EXERCISE REQUIREMENTS | Once the line holding "Bathroom, Royalwood City Inn, Koshi" is found in the entries below, transcribe exactly every line up to and including the one holding "(Category: ) located", but leave out the pictures.

RECORDS |
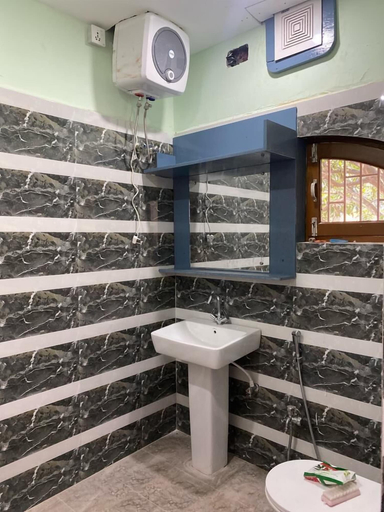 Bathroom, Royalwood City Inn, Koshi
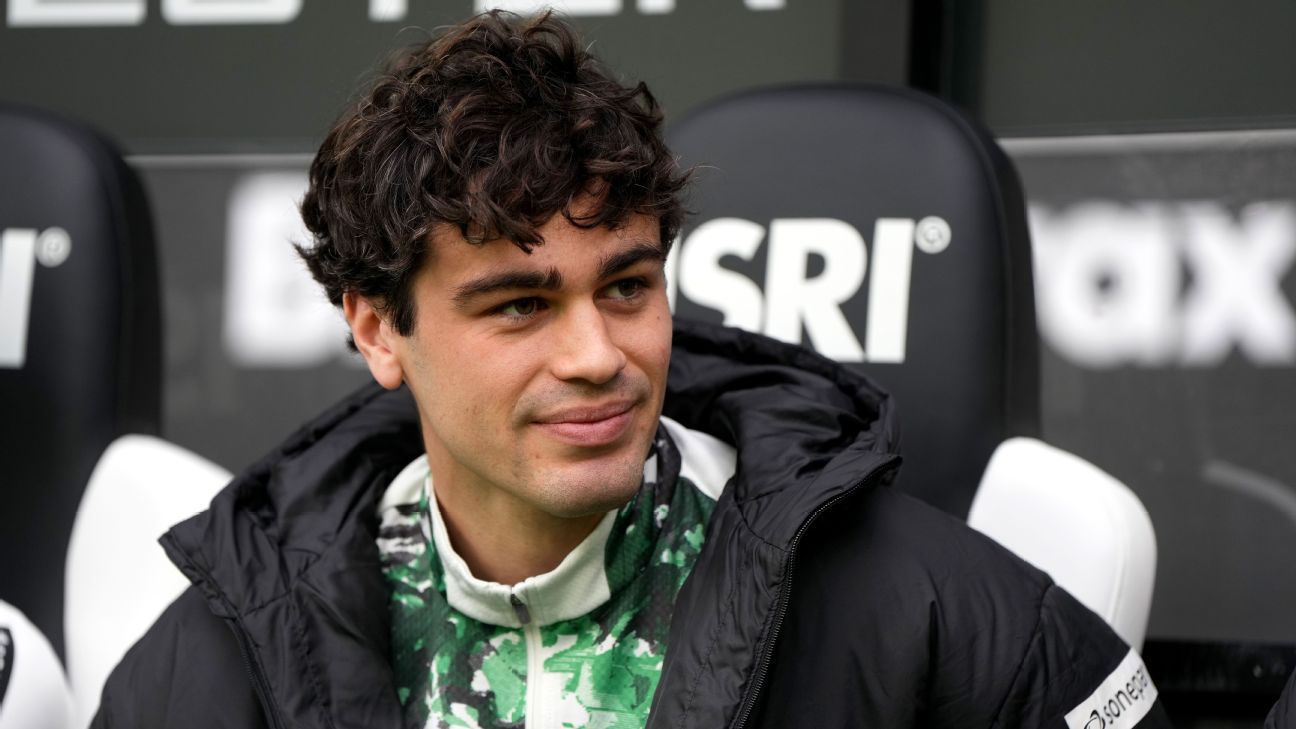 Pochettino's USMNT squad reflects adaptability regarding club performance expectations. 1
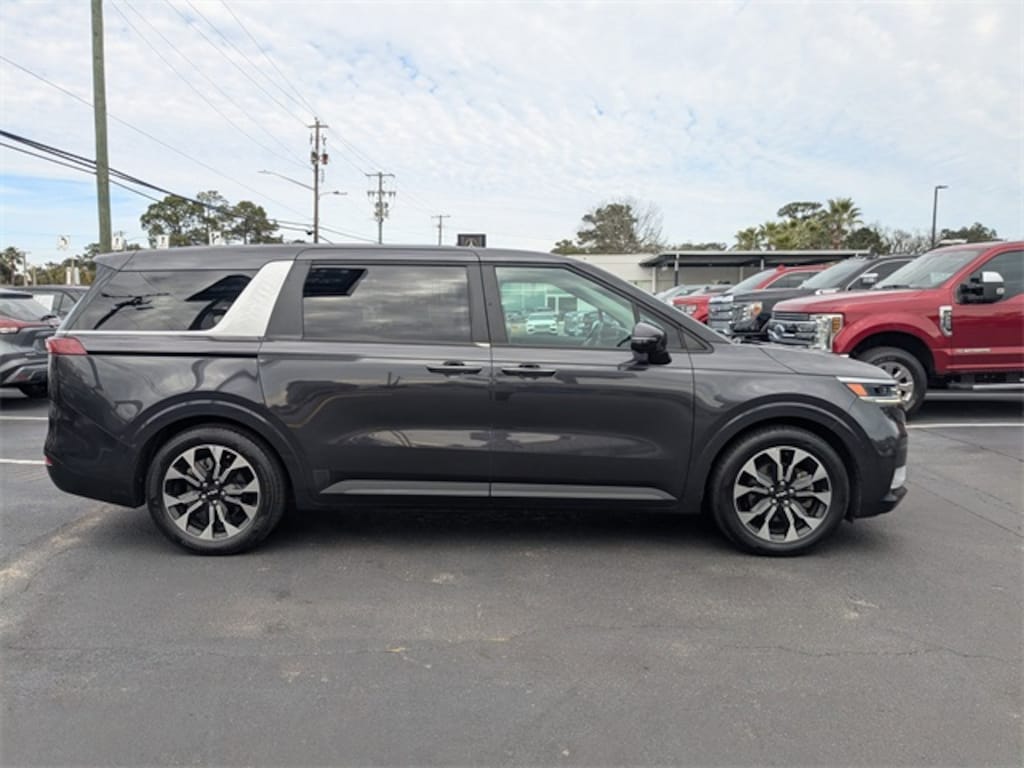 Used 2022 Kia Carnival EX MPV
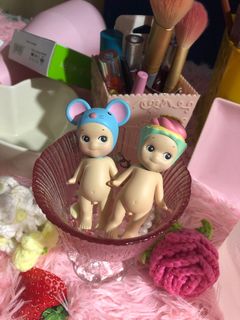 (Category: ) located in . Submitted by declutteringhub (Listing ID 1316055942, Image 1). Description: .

--

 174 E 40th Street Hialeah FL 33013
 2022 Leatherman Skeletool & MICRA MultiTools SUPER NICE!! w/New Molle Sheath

OUTPUT OF THE EXERCISE |
 Bathroom, Royalwood City Inn, Koshi
 Pochettino's USMNT squad reflects adaptability regarding club performance expectations. 1
 Used 2022 Kia Carnival EX MPV
 (Category: ) located in . Submitted by declutteringhub (Listing ID 1316055942, Image 1). Description: .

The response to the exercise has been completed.